3. The Illusion of the Independent Verb
Traditional grammatical intuition often treats the verb as the “core” of the clause.
This is understandable.
The verb tends to carry dynamic energy in interpretation.
But from a participation-oriented reading, the verb is not the source of action.
It is the locus of configuration.
It does not add motion to a static scene.
It establishes the experiential geometry within which participant roles become meaningful.
To say:
“kicked”
is not to name an action that then links boy and ball.
It is to construe a specific type of participation in which:
one participant is positioned as initiating force,
another as impacted entity,
and the event is construed as material transformation.
The “action” is the name we give to that configuration once it is stabilised in interpretation.
4. Process Types as Modes of Participation
Once this shift is made, the familiar process types begin to look different.
Material processes
Not “actions in the world,” but configurations of participation where change is construed as externalised interaction.
Mental processes
Not “internal actions,” but configurations where experience is construed through sensing, feeling, or thinking participation.
Relational processes
Not “static descriptions,” but configurations where participation is construed as identification, attribution, or equivalence.
Verbal processes
Not “speech acts,” but configurations where meaning emerges through communicative participation.

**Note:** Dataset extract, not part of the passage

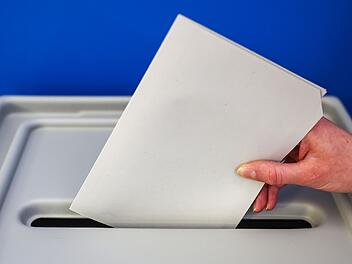 Stadt Hof weist auf Fristen bei der Europawahl hin - das musst du wissen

Behavioural and existential processes
Not residual categories, but specialised configurations of experiential participation at the boundary of action, consciousness, and presence.

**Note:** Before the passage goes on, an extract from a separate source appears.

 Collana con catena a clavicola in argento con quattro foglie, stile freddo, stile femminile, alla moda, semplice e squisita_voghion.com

In each case, what is primary is not the “type of action,” but the organisation of participation that makes that type of experience intelligible.

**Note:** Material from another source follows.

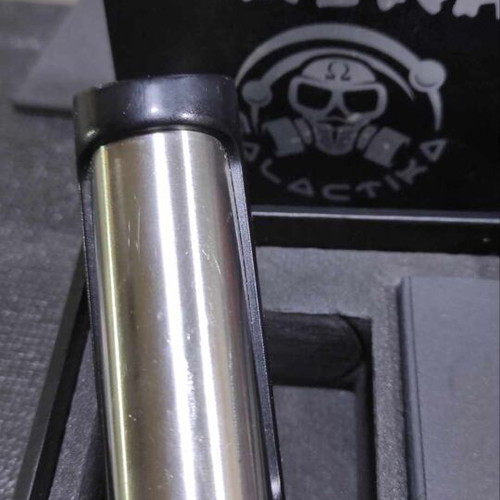 Ambition Mods x Galactika Mod Akira 75W Box Mod like new, black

5. What Becomes of “Action”?
At this point, a natural question arises.
If processes are not actions, do actions disappear from the analysis?
The answer is no—but they are relocated.
“Action” becomes a secondary interpretation of certain configurations of participation, not their foundation.
We experience something as an action when:
participation is asymmetrically distributed,
change is construed as externally oriented,
and roles are stabilised as Actor/Goal configurations.
In other words:
action is a reading of participation, not its cause.
6. Experience Without an Underlying Mechanism
One of the consequences of this shift is that we no longer need to imagine a hidden layer of mechanisms beneath language.
We do not need:
entities doing things behind the clause,
forces moving between objects,
or actions connecting pre-given units.
Instead, we have:
structured participation becoming intelligible as experience.
The clause is not a surface representation of deeper mechanical relations.
It is the site at which participation is construed as meaning.
7. A Reversal of Intuition
This leads to a subtle inversion of the everyday model.
We tend to think:
first there are things, then they act, then language describes it.
Transitivity suggests instead:
first there is participation, then configuration, then the distinction between “things” and “actions” emerges within that configuration.
This is not a denial of experience.
It is a re-description of how experience is structured in meaning.
8. Closing Reframing
We might now restate the emerging picture in a compact form:
Participants are not things.
Processes are not actions.
Clauses are not containers.
Instead:
a clause is a configuration in which experience is construed as participation.
And if that sounds increasingly abstract, it may be worth noticing something quite concrete:
We never actually encounter “things” and then attach actions to them.
We encounter structured events—already meaningful, already organised, already distributed into roles.
Transitivity is simply a way of making that structure visible.
Not by adding interpretation.
But by noticing what is already there in the way experience is made into meaning.